Police must protect sanctity of life and stop enforced disappearances

 

A man wails as he is abducted by hooded police officers along Kimathi Street in Nairobi on July 16, 2024. [File, Standard]

From June 2024 to date, exponential cases of missing persons and enforced disappearances with many of them turning up dead have become extremely worrying and agonising for the families losing their loved ones mysteriously.

The Inspector-General of Police expressed concern about the rising murder cases reports, yet he and his team must safeguard and protect lives. The Constitution in Article 26 provides for the right to life for everyone declaring that no person shall be deprived of life intentionally. Article 239 establishes the Kenya Defence Forces (external security), the National Intelligence Service (article 242 intelligence and counter-intelligence) and the National Police Service, the latter with the responsibility to protect and secure everyone in Kenya.

Subsection 5 declares that the national security organs are subordinate to civilian authority, which affirms the sovereignty of the people provided for in Article 1(1) to ensure the Kenya Police and the other two organs are exercising the people’s delegated sovereign power to serve their interests and ensure the sanctity of life.

The Inspector-General is appointed by the President with the approval of Parliament and is obligated to exercise independent command over the National Police Service.

So, when he says he is concerned with the rising cases of murder, which is criminal and whose deterrence is a mandatory function of his office, it begs the question, is the National Police Service overwhelmed or incapacitated to conclusively deal with enforced disappearance and murders? There is also an interesting spin into the recent disappearances.

Although there has been sustained tragic femicide, there are more cases targeting residents of Nairobi and environs, who are driven to other counties and left for the dead. Why? Young female students are also reportedly being drugged or abducted and turning up dead, why? There are also too many unresolved murders. What happened to the serial killers of the Kware murders? How do we end impunity and these killings? One of the key challenges we have is an insufficient legal and institutional framework. For example, we do not have a law that criminalises enforced disappearances in Kenya, which people can use in courts to end impunity.

Civil society human rights groups, the Independent Policing Oversight Authority and the Kenya National Human Rights Commission have been conducting exhaustive investigations of torture, forced disappearances and abductions and documenting their findings long before the Gen Zs protection in June 2024.

Their reports continue to recommend prompt, impartial and effective investigations to ensure the perpetrators are prosecuted and victims adequately compensated.

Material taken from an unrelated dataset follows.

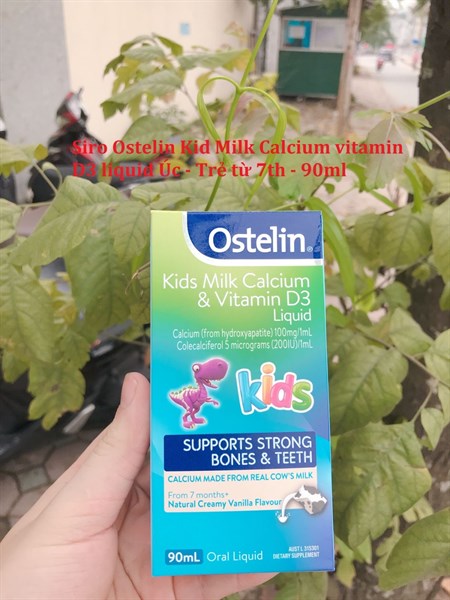 Siro Ostelin Kid Milk Calcium vitamin D3 liquid Úc - Trẻ từ 7th - 90ml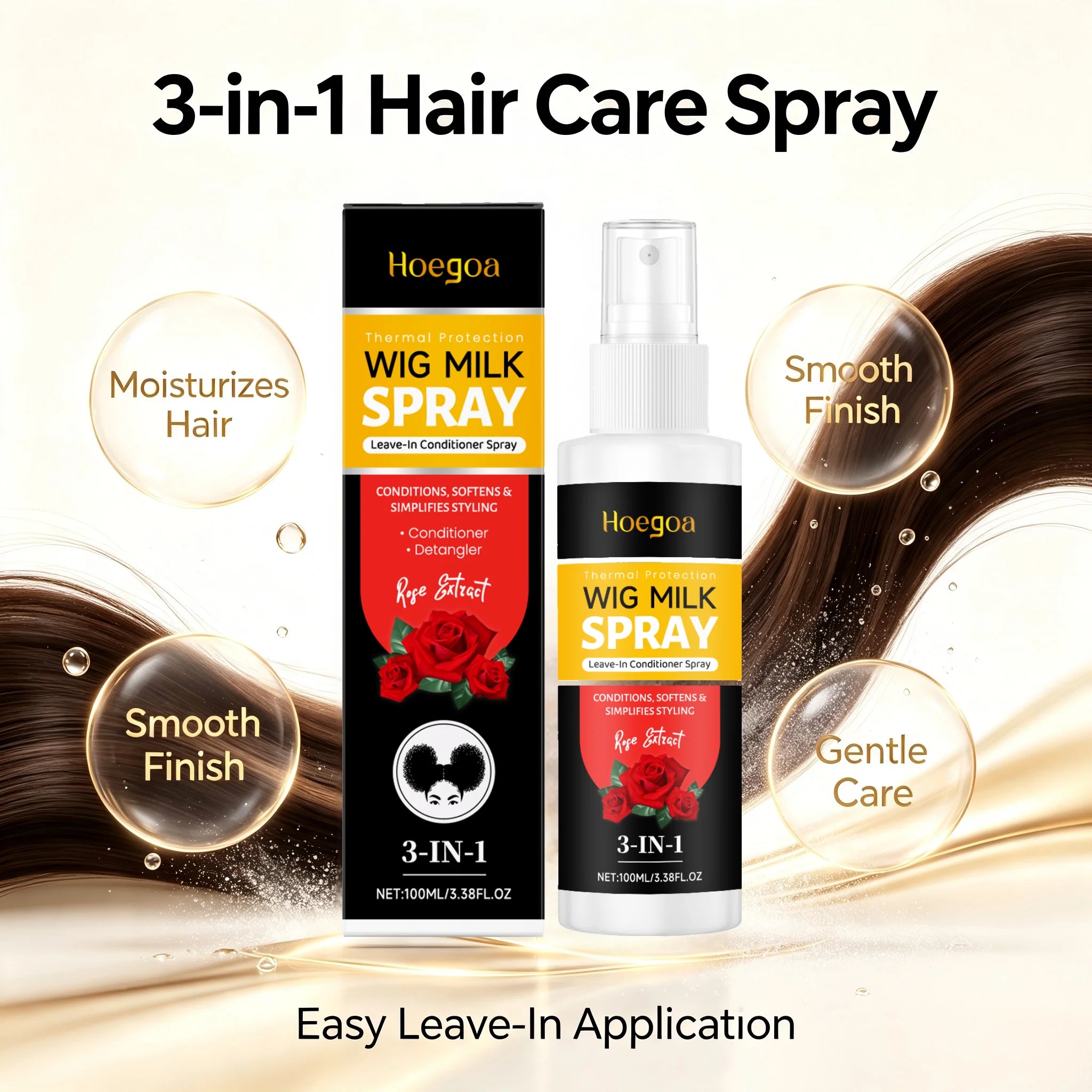 3-in-1 Rose Wig Conditioning & Detangling Spray for Silky Smooth Hair - 2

The Shakaola massacre prosecutions are still ongoing although at the back burner, hopefully, people will be found culpable and properly punished for these killings to end impunity.

Parliament Standing Committee on Justice, Legal Affairs and Human Rights, led by SC Okong’o Mogeni, on 5th October 2021, released their report on the inquiry into extrajudicial killings and enforced disappearances in Kenya. A key finding was that, extrajudicial killings and enforced disappearances are issues touching on violation of human rights and are criminal in nature.

The committee recommended that the Attorney General initiates the process of ratifying the International Convention for the Protection of all Persons from Enforced Disappearances and the Parliament to amend the National Police Service Act, the Independent Policing Oversight Authority Act to grant IPOA the primary responsibility to investigate crimes alleged to have been committed by police officers.

The National Security Council was asked to develop a national security policy and other recommendations directed to the Cabinet Secretaries of Interior and Treasury to facilitate implementation and enforcement of the recommendations and to strengthen and facilitate legal and institutional frameworks envisaged in the report.

Many of these are still pending long after the expiry of the report’s timelines. The October 2021 recommendations should be urgently implemented to enable the National Police Service to end these catastrophic abductions, enforced disappearances and murders.